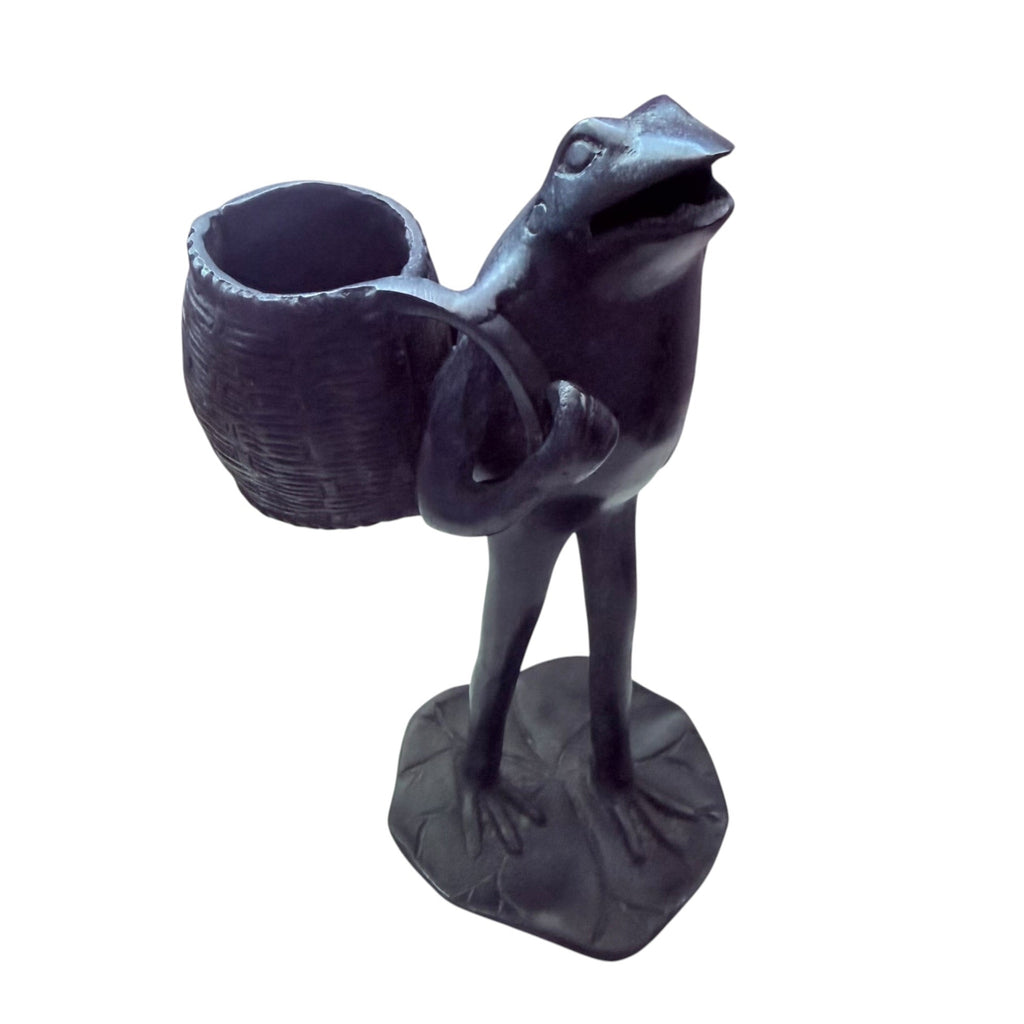 Vintage Frog Spill Holder Metal Figurine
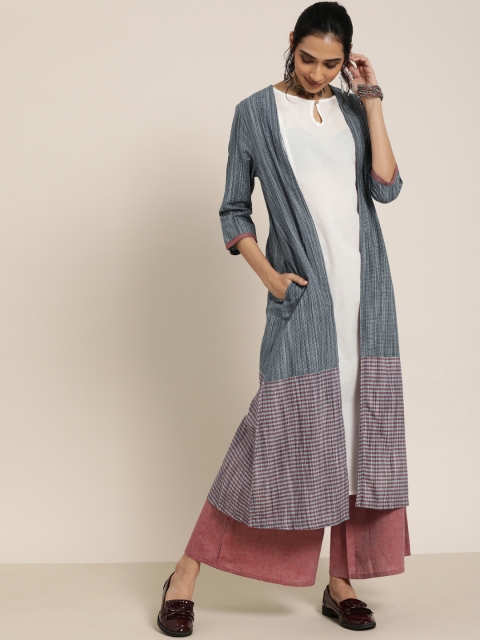 

Taavi Women Navy Blue & Maroon Woven Legacy Layered Kurta with Palazzos & Longline Jacket
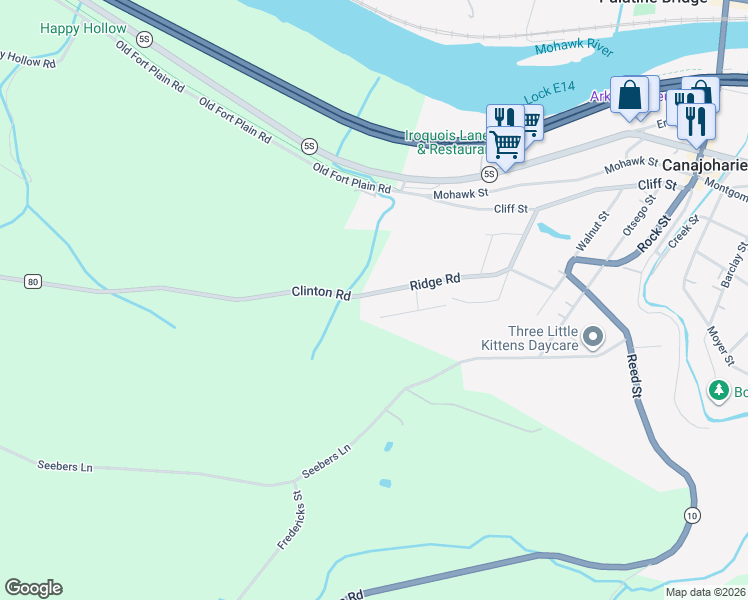 map of restaurants, bars, coffee shops, grocery stores, and more near 45 Ridge Rd in Canajoharie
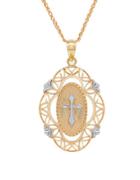 Lord & Taylor 14k Yellow-gold Openwork Cross Pendant Necklace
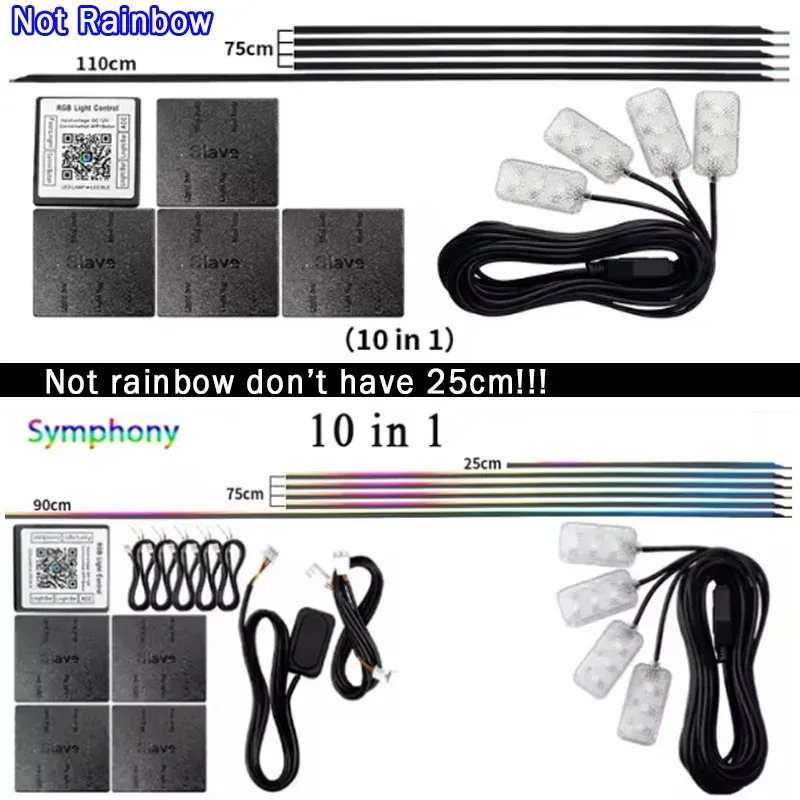 Kit d'éclairage d'ambiance LED pour voiture Bluetooth, RVB arc-en-ciel, 12 V 7
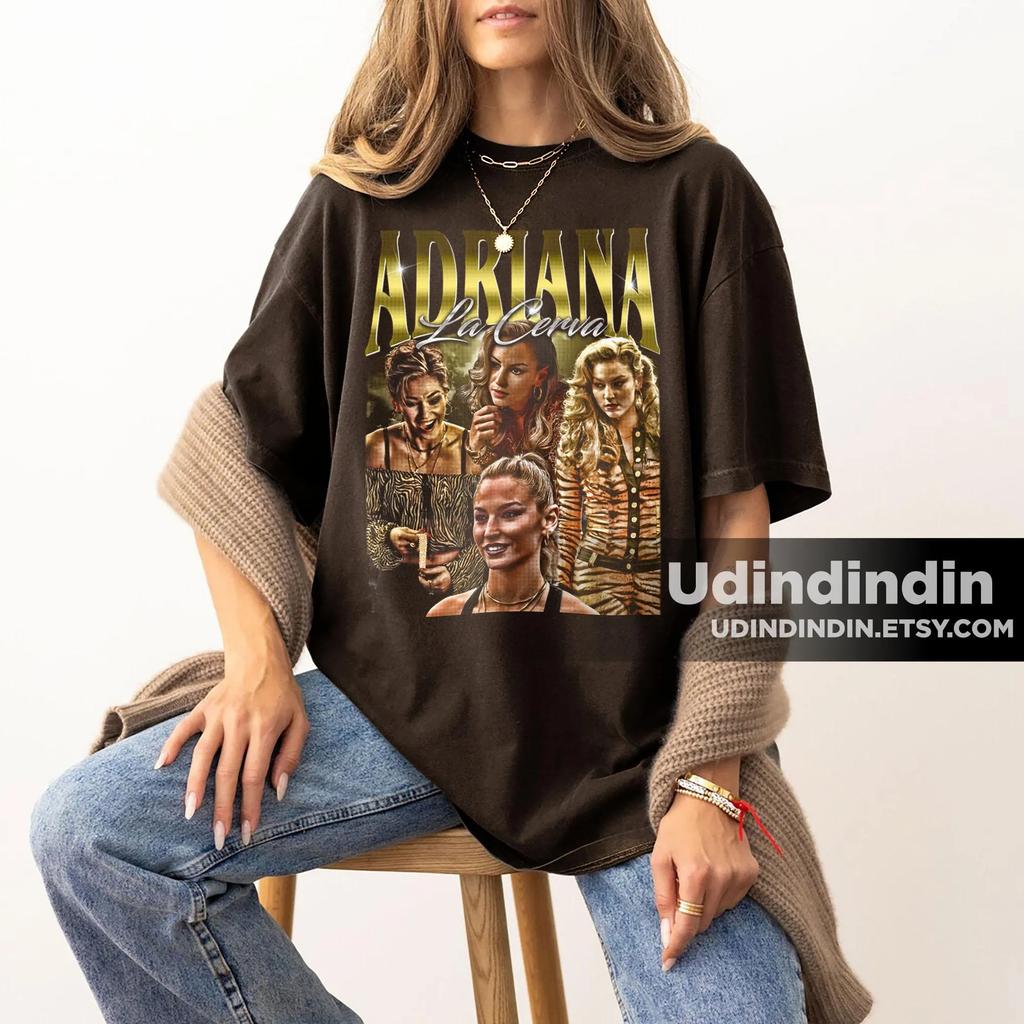 Sopranos Adriana La Cerva Tshirt A Retro Pattern Tshirt of The 90s Mafias Italian Gang Wife A Gift for Fans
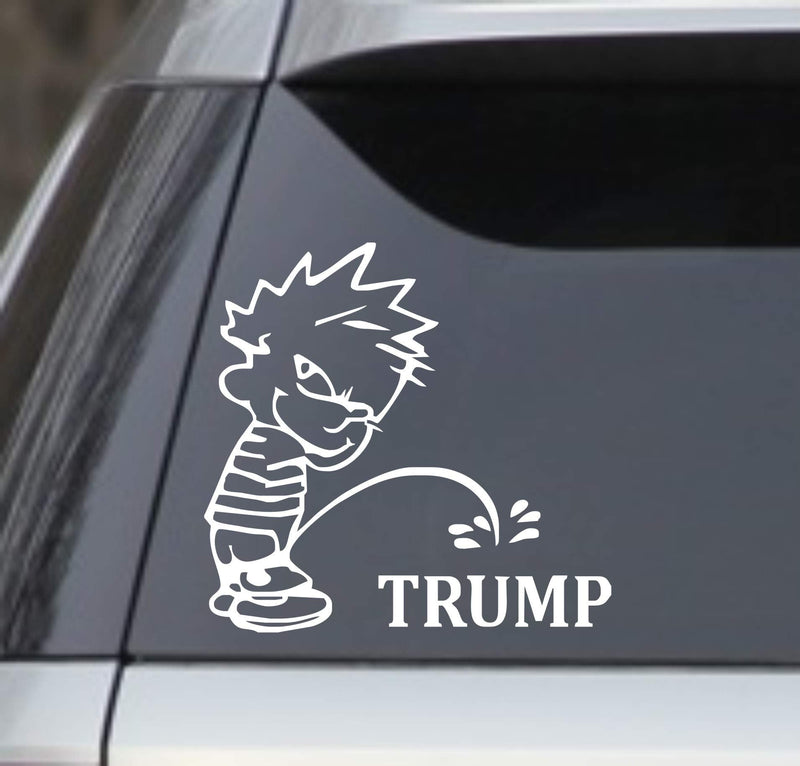 White 6" Calvin Peeing Piss Pissing On Trump President Window Sticker Decal – (Anti Trump Stop Impeach Resist Bumper Election) Good for Cars, Trucks, laptops, lockers etc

To do> Give the entries above again word for word, without the pictures.

Task output>
 Vintage Frog Spill Holder Metal Figurine

Taavi Women Navy Blue & Maroon Woven Legacy Layered Kurta with Palazzos & Longline Jacket
 map of restaurants, bars, coffee shops, grocery stores, and more near 45 Ridge Rd in Canajoharie
 Lord & Taylor 14k Yellow-gold Openwork Cross Pendant Necklace
 Kit d'éclairage d'ambiance LED pour voiture Bluetooth, RVB arc-en-ciel, 12 V 7
 Sopranos Adriana La Cerva Tshirt A Retro Pattern Tshirt of The 90s Mafias Italian Gang Wife A Gift for Fans
 White 6" Calvin Peeing Piss Pissing On Trump President Window Sticker Decal – (Anti Trump Stop Impeach Resist Bumper Election) Good for Cars, Trucks, laptops, lockers etc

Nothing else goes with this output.